378T: Trying to find this book and/or author

A guy in his 20-30’s suddenly feels a “ripple” and is transformed into another identity, another situation, and totally different place within the United States. It was paperback, I read it in the late 1960’s – 1970’s in English. Sci- fi main character this one guy, one scene: he leaves his clothes on the bank of a pond to go skinny dipping with a friend (a woman), they go under water and feel the “ripple” and then when they come up out of the water they are somewhere else, with no clothes. They catch a ride with a man in a pickup truck. Another scene he is in Hawaii with a group of people getting ready to walk on a bed of hot coals.

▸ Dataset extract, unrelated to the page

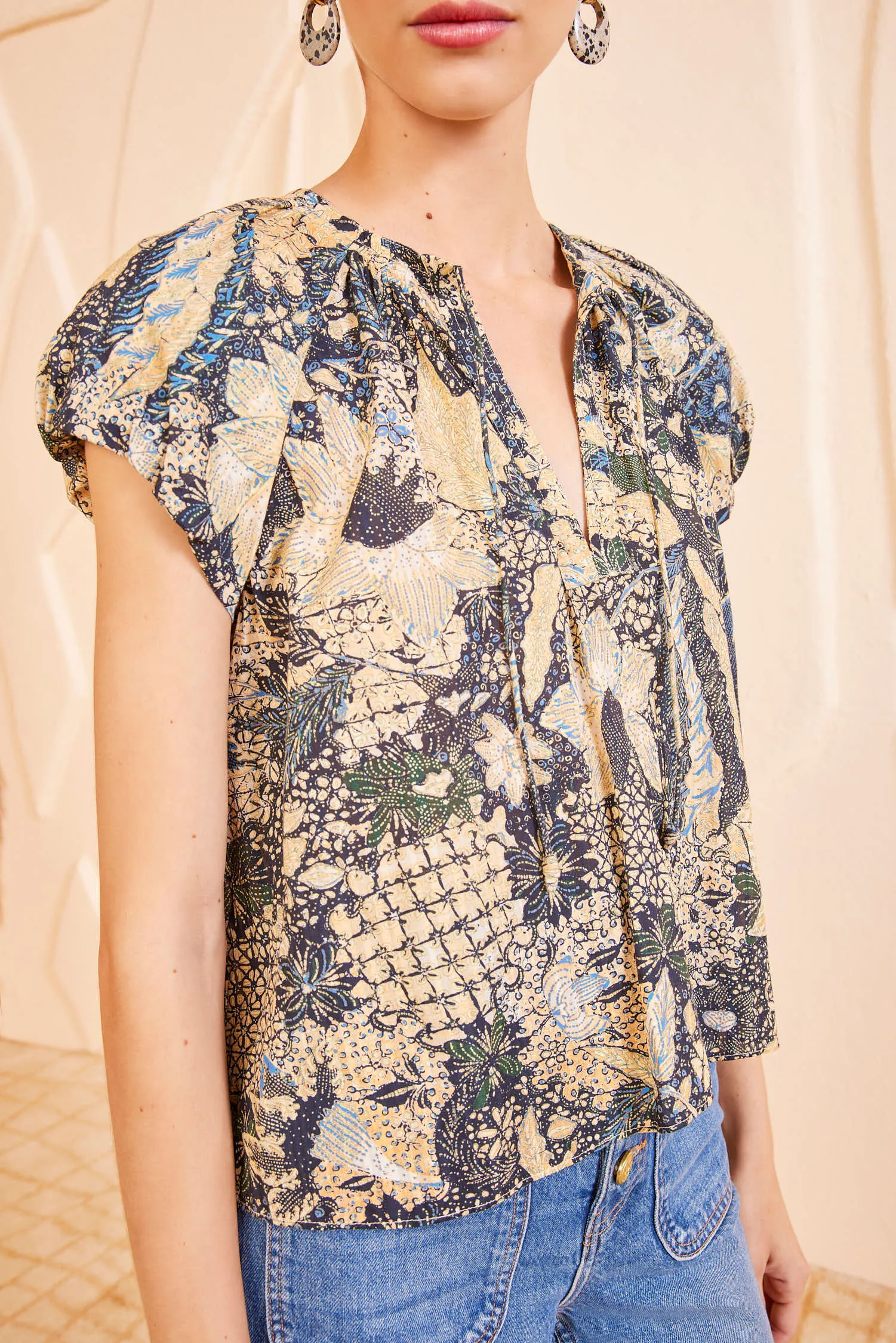 Issa Top - Bellflower clean fit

378S: Old Doll Left Behind for New Doll, Then Reclaimed by Girl (1960s–70s)

I’m searching for a short children’s story I remember from the late 1960s or 1970s, possibly from Reader’s Digest, a school reader, or a children’s magazine. It’s told from the point of view of an old doll.

In the story, a little girl is packing a suitcase for a trip. The old doll is thrilled to be included and looks forward to the adventure. At the last moment, the girl gets distracted by a new doll, grabs it instead, and leaves — the old doll is left behind, heartbroken. Later, the car returns, the girl rushes in, drops the new doll, and takes the old doll with her.

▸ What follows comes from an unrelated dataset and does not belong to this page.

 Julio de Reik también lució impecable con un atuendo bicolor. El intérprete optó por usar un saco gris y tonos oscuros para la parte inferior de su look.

378G: Alien & human boy bond over baseball then alien discards the ball en route out of earth’s orbit, late 60s very early 70s

I read this book in approx 1974 (latest cut off date), it was more probably between 1968 and 1973. 
The book is about a kid about age 10 who loved baseball, as I did, and he liked to play catch. And meanwhile he meets a new kid about his same age and they become friends, build a bond, which eventually leads to the two playing catch. The baseball becomes a symbol of their friendship. The plot twist is that this friend is actually an alien, whose parents are aliens. I don’t recall much more of the plot. I think the alien kid is waiting until his parents repair their spaceship so they can continue their galactic journey. So when that is accomplished, the alien dad, mom, and son (the alien kid who had befriended the earthling kid) are in their spaceship ready to continue their journey, and they reach a point when they cross it the alien boy will forget everything about his time on Earth. When they do this, one of the alien parents asks the kid, what is that? And they are referring to a baseball which the earth kid had gifted him as a memory/souvenir of their friendship. Only, being past the “point of no return,” the alien boy doesn’t recognize or know what it is, and, being rather meaningless, he or the family eject it from the spaceship (I think throw it through the window, but I could be wrong). Their journey continues. That is the basic plot. I was not happy with the ending!